In einem vierten und letzten Teil der Arbeit wird die Auswirkung des Ereignisses auf die Erfindung der Schweiz untersucht. Die Herausbildung einer nationalen Identität gegen Ende des 19. Jahrhunderts erhielt durch die Etablierung einer kollektiven Erinnerung an die BourbakiInternierung starken Auftrieb. Offenkundige Probleme der Schweizer Armee bei der Grenzbewachung 1870/71 und bei der Empfangnahme der Bourbaki-Armee wirkten sich direkt auf die Verfassungsreform und die Armeereform 1874 aus. Auch die Diskussion um die Rolle des Neutralen in Europa erhielt neuen Auftrieb. Unter Rückgriff auf Christian Pfisters Studien zur Geschichte der Katastrophenbewältigung in der Schweiz zeigt die Arbeit, dass die Hilfsbereitschaft der Bevölkerung auf traditionellen Krisenbewältigungsmustern basierte, die zur nationalen Identitätsbildung beitrugen. Zudem wurde die Rolle der Armee in Staat und Gesellschaft gestärkt. Der Schweiz fehlte zwar im Hinblick auf die Identitätsbildung die Möglichkeit des Rückgriffs auf militärische Heldentaten der jüngeren Vergangenheit.
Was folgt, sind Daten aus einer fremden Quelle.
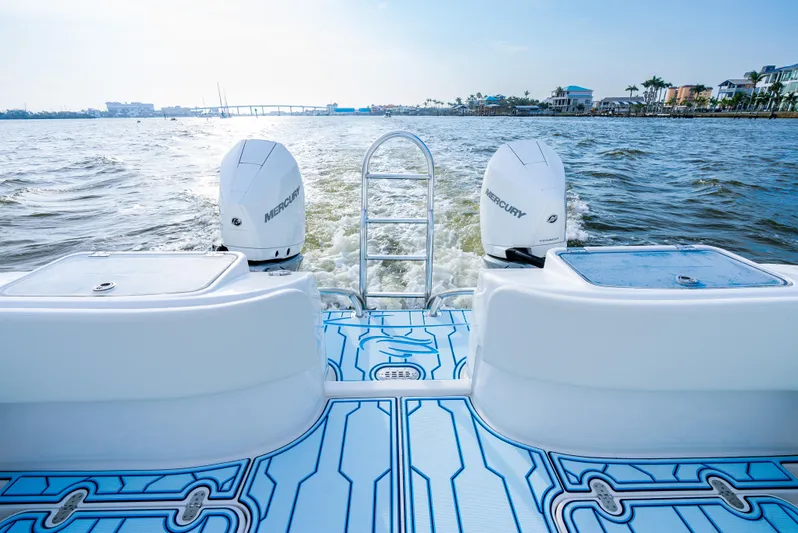  Yacht Photos Pics 2025 Insetta 35IFC boat with dual Mercury engines on a sunny day.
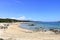 May 23 2023 - Arbatax, Sardinia, Italy: people at the hakuna matata beach with white sand and crystal clear water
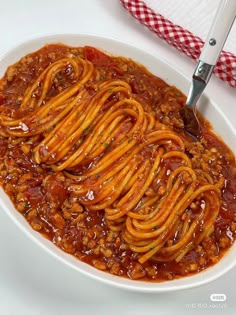 a white bowl filled with spaghetti on top of a table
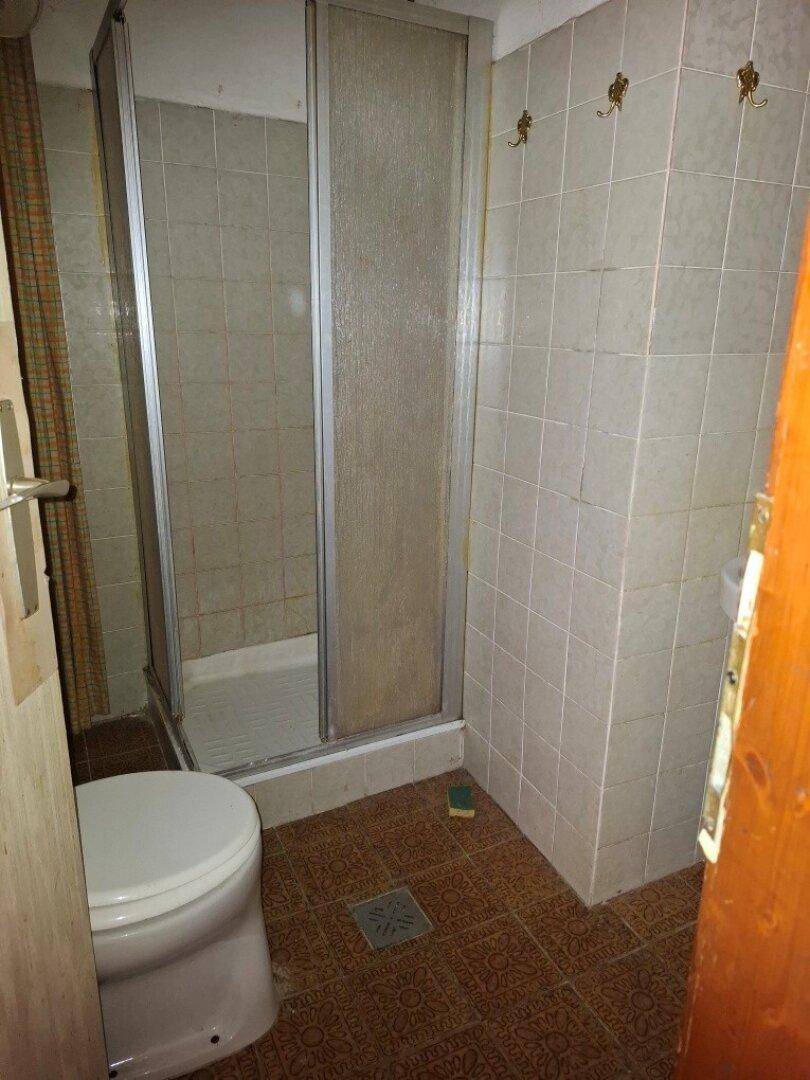 Badezimmer mit Duschkabine, WC und gefliesten Wänden in einfacher Ausführung.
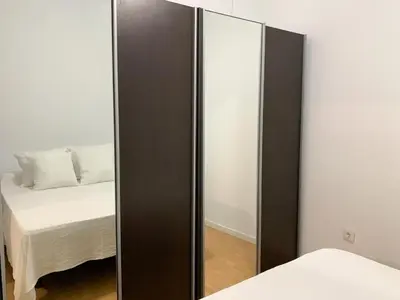 a mirror next to a bed in a room at Apartamento Centro Costa de la Luz in Sanlúcar de Barrameda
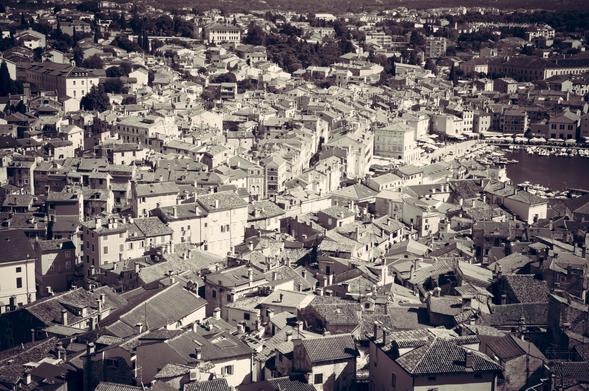 Das Bild zeigt ein dicht bebautes Stadtgebiet, wahrscheinlich eine historische Stadt, aus einer erhöhten Perspektive. Der Sepia-Ton verleiht dem Foto einen Hauch von Vintage. Die Gebäude stehen dicht beieinander und weisen verschiedene Dachformen auf, überwiegend mit Ziegeln und einige mit Schornsteinen. Die Architektur deutet auf einen europäischen Einfluss hin, mit Gebäuden unterschiedlicher Höhe und Gestaltung, einige davon mit verschnörkelten Fassaden. Im Hintergrund ist ein Gewässer mit mehreren angedockten Booten zu sehen, was auf einen Hafen oder Jachthafen hindeutet. Der Grundriss der Stadt ist unregelmäßig, mit schmalen Straßen, die sich zwischen den Gebäuden schlängeln. Der Gesamteindruck ist der einer geschäftigen, altmodischen Stadt mit einem reichen architektonischen Erbe.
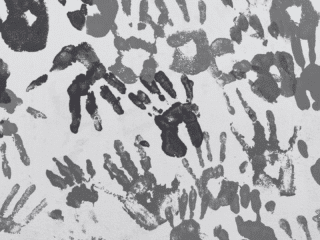 Mur recouvert de multiples empreintes de mains d'enfants peintes en différentes nuances de gris, créant un motif artistique abstrait. Logo « dcod » visible en bas à droite.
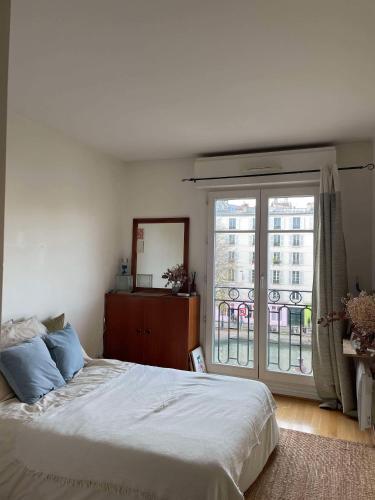 une chambre avec un lit et une grande fenêtre dans l'établissement Appartement spacieux et lumineux - Canal Saint Martin, à Paris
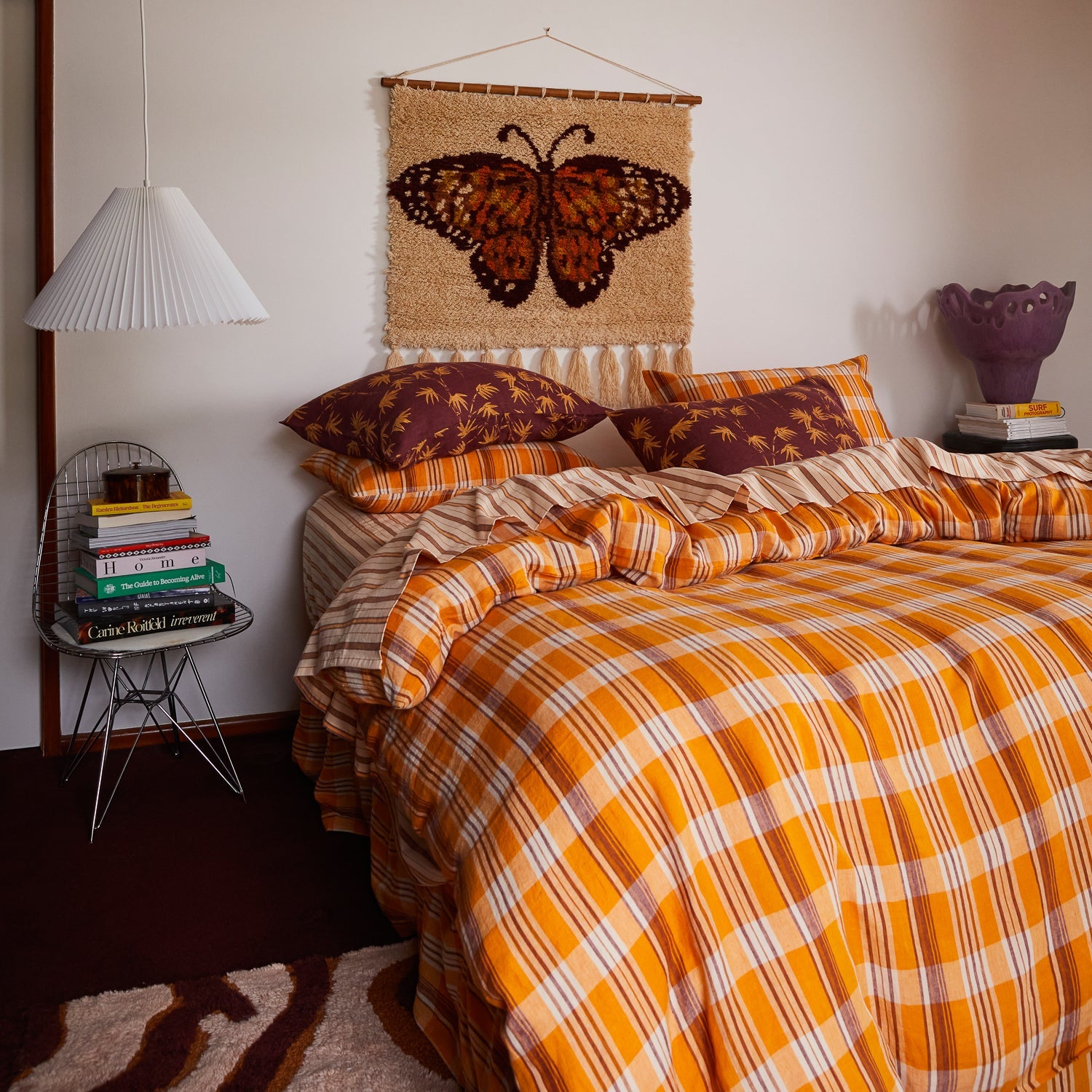 Butterfly wall hanging above bed with brown pillows showing orange and burgundy tapestry with cream fringe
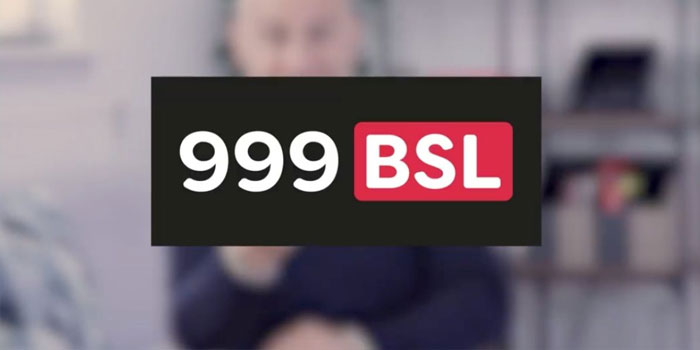 A black box with white text "999" and a red box with white text "BSL"—representing British Sign Language—are centered over a blurred background.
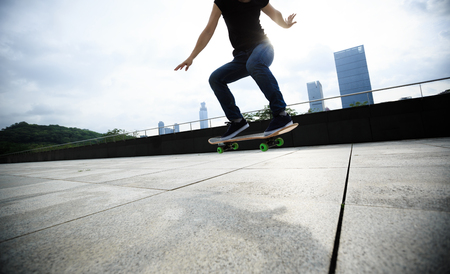 Woman skateboarder skateboarding at sunrise cityの写真素材
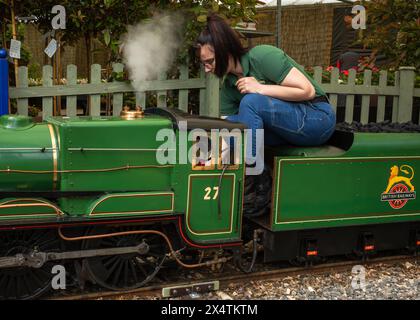 Un volontario guida la locomotiva a vapore miniaturizzata della Railway Mission e il suo tender per il carbone presso la South Downs Light Railway, Pulborough, Regno Unito Foto Stock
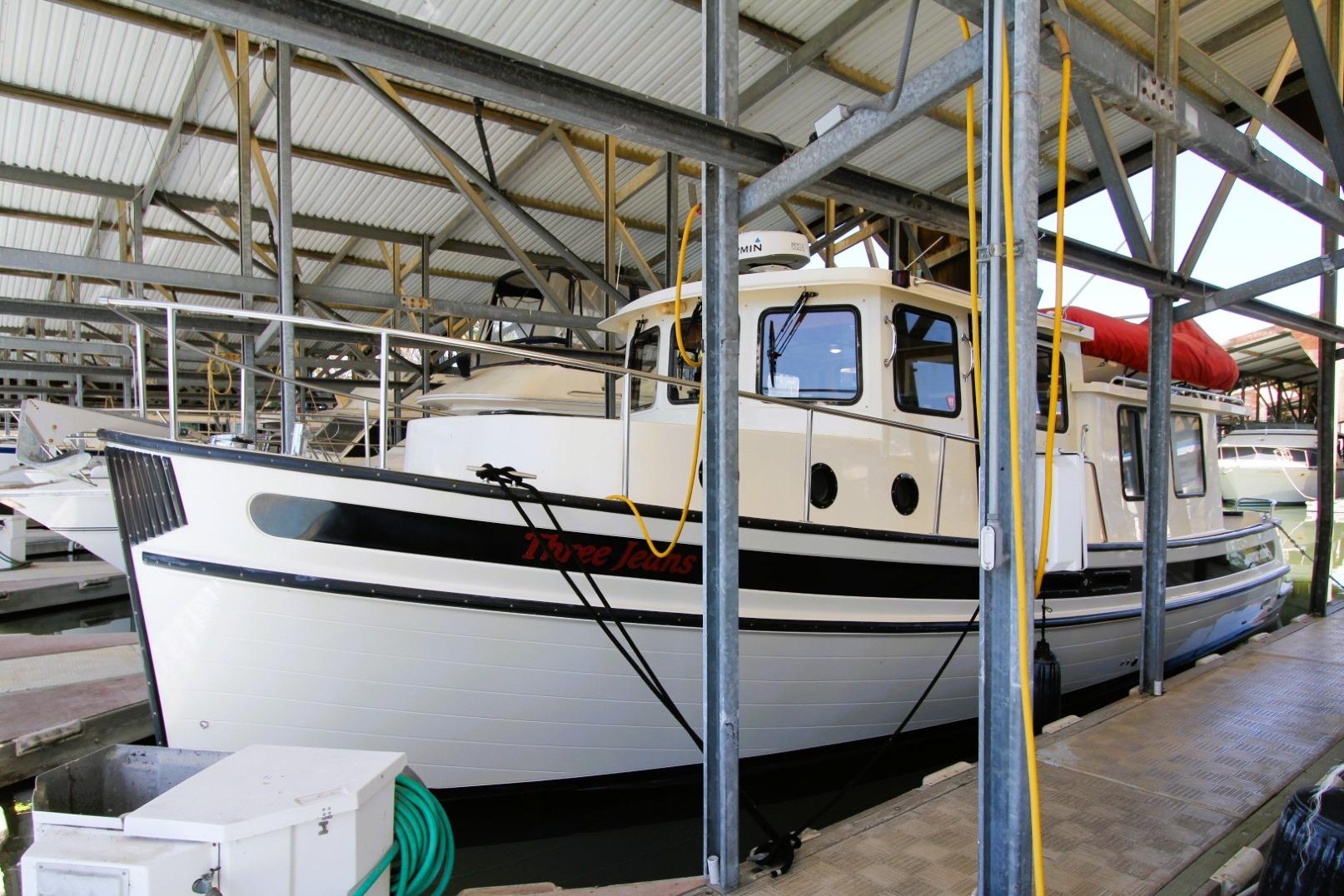 2002 Nordic Tug 37 docked in a covered marina, showcasing classic design and sturdy build.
Der Einsatz der Schweizer Armee 1870/71 führte dann aber doch zu einem Stolz und gab der Armee eine positive Bewertung als schützendes Element für Staat und Bevölkerung.

 

Diese Arbeit ist unter dem Titel „Bourbakis im Kanton Luzern. Die Internierung der französischen Soldaten 1871“, in: Archäologie - Denkmalpflege - Geschichte (Jahrbuch der Historischen Gesellschaft Luzern, Bd. 22), Luzern 2004 erschienen.